Alors que la Chine doit faire face au nouveau coronavirus – désormais appelé COVID-19 – le Canada s'est engagé à fournir davantage d’aide.

Le premier ministre canadien Justin Trudeau a affirmé dimanche que le Canada se tient prêt au cas où la Chine demanderait plus d'aide. Il a déclaré que son pays avait déjà répondu à la demande de la Chine pour du matériel médical, y compris des masques chirurgicaux et d'autres équipements de protection, alors que le taux d'infection et le nombre de décès dus au virus continuent d'augmenter. « Nous allons continuer à travailler avec eux pour nous assurer qu'ils ont les ressources nécessaires pour contenir ce virus », a remarqué M. Trudeau lors d'une visite en Ethiopie. « Nous reconnaissons que c'est une période difficile et incertaine pour la Chine et pour la population du monde entier, mais en tant que communauté internationale, nous devons continuer à travailler ensemble, et nous sommes là pour aider. »

Pendant ce temps, une équipe d'experts internationaux constituée par l'Organisation mondiale de la santé (OMS) est partie dimanche pour Beijing afin d’aider à enquêter sur l'épidémie de COVID-19 en Chine. Bruce Aylward, un épidémiologiste canadien, dirigera l'équipe spéciale de l'OMS, qui travaille déjà avec les homologues chinois pour s'assurer qu'ils ont l’expertise nécessaire pour faire face à l'épidémie.
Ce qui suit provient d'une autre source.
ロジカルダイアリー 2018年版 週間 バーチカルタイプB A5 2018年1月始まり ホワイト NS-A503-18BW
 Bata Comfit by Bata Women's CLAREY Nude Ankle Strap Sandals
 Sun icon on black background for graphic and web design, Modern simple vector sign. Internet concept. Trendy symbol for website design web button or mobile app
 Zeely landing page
Alors que l'épidémie de COVID-19 s'est propagée dans le monde, plus de 460 cas ont été confirmés en dehors de la partie continentale de Chine, notamment sept cas au Canada, dont quatre en Colombie-Britannique et trois en Ontario.

Un communiqué publié par le ministère des Affaires étrangères, du Commerce et du Développement a fait savoir que le pays travaillait avec ses partenaires et les organisations internationales pour contrôler la propagation de la maladie. « C’est vital pour aider les personnes touchées et protéger la santé et la sécurité des personnes dans le monde », a indiqué ce communiqué.

Pour soutenir la réponse continue de la Chine à l'épidémie, le Canada a acheminé environ 16 tonnes métriques d'équipement de protection individuelle, à savoir des tenues, des écrans faciaux, des masques, des lunettes et des gants dans le pays depuis le 4 février, du matériel fourni en collaboration avec la Croix-Rouge canadienne et la Société de la Croix-Rouge de Chine.

« Nos pensées les plus sincères vont à tous ceux qui sont touchés par cette épidémie. Nous continuons de surveiller la situation et nous sommes prêts à fournir une aide supplémentaire en cas de besoin », a affirmé François-Philippe Champagne, ministre canadien des Affaires étrangères, du Commerce et du Développement

« Le Canada est attristé par l'impact sur la population chinoise de l’épidémie de nouveau coronavirus, en particulier par la perte de vies humaines », a souligné Karina Gould, ministre canadienne du Développement international, ajoutant que les équipements de protection individuelle sont essentiels pour prévenir et limiter la propagation du virus.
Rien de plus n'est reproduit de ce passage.